## YOUR OBJECTIVE
Return the tail of the records exactly, starting from the line containing "MizanSpeaks's tweet photo." and ending with the final line.
EXERCISE MATERIAL Start Marker
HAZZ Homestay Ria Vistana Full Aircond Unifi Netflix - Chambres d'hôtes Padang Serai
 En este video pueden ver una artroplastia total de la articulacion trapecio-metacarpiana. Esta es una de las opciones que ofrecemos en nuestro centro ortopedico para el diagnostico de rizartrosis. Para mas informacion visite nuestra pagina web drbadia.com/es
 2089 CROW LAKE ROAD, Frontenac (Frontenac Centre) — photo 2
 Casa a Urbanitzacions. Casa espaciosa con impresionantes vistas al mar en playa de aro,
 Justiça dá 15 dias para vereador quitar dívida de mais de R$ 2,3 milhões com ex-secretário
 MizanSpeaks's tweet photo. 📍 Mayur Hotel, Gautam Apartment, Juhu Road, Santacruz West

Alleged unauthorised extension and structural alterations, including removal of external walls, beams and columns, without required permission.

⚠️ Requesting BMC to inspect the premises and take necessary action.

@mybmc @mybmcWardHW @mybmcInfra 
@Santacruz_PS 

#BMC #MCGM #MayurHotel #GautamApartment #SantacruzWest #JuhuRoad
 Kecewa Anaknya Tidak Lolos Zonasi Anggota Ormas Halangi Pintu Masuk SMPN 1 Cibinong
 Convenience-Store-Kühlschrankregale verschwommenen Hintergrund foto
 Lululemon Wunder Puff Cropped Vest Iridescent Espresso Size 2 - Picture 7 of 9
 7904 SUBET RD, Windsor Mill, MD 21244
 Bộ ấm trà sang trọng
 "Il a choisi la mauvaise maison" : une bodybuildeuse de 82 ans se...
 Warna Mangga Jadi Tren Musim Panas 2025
EXERCISE MATERIAL End Marker
## RESULT FOR THIS EXERCISE
 MizanSpeaks's tweet photo. 📍 Mayur Hotel, Gautam Apartment, Juhu Road, Santacruz West

Alleged unauthorised extension and structural alterations, including removal of external walls, beams and columns, without required permission.

⚠️ Requesting BMC to inspect the premises and take necessary action.

@mybmc @mybmcWardHW @mybmcInfra 
@Santacruz_PS 

#BMC #MCGM #MayurHotel #GautamApartment #SantacruzWest #JuhuRoad
 Kecewa Anaknya Tidak Lolos Zonasi Anggota Ormas Halangi Pintu Masuk SMPN 1 Cibinong
 Convenience-Store-Kühlschrankregale verschwommenen Hintergrund foto
 Lululemon Wunder Puff Cropped Vest Iridescent Espresso Size 2 - Picture 7 of 9
 7904 SUBET RD, Windsor Mill, MD 21244
 Bộ ấm trà sang trọng
 "Il a choisi la mauvaise maison" : une bodybuildeuse de 82 ans se...
 Warna Mangga Jadi Tren Musim Panas 2025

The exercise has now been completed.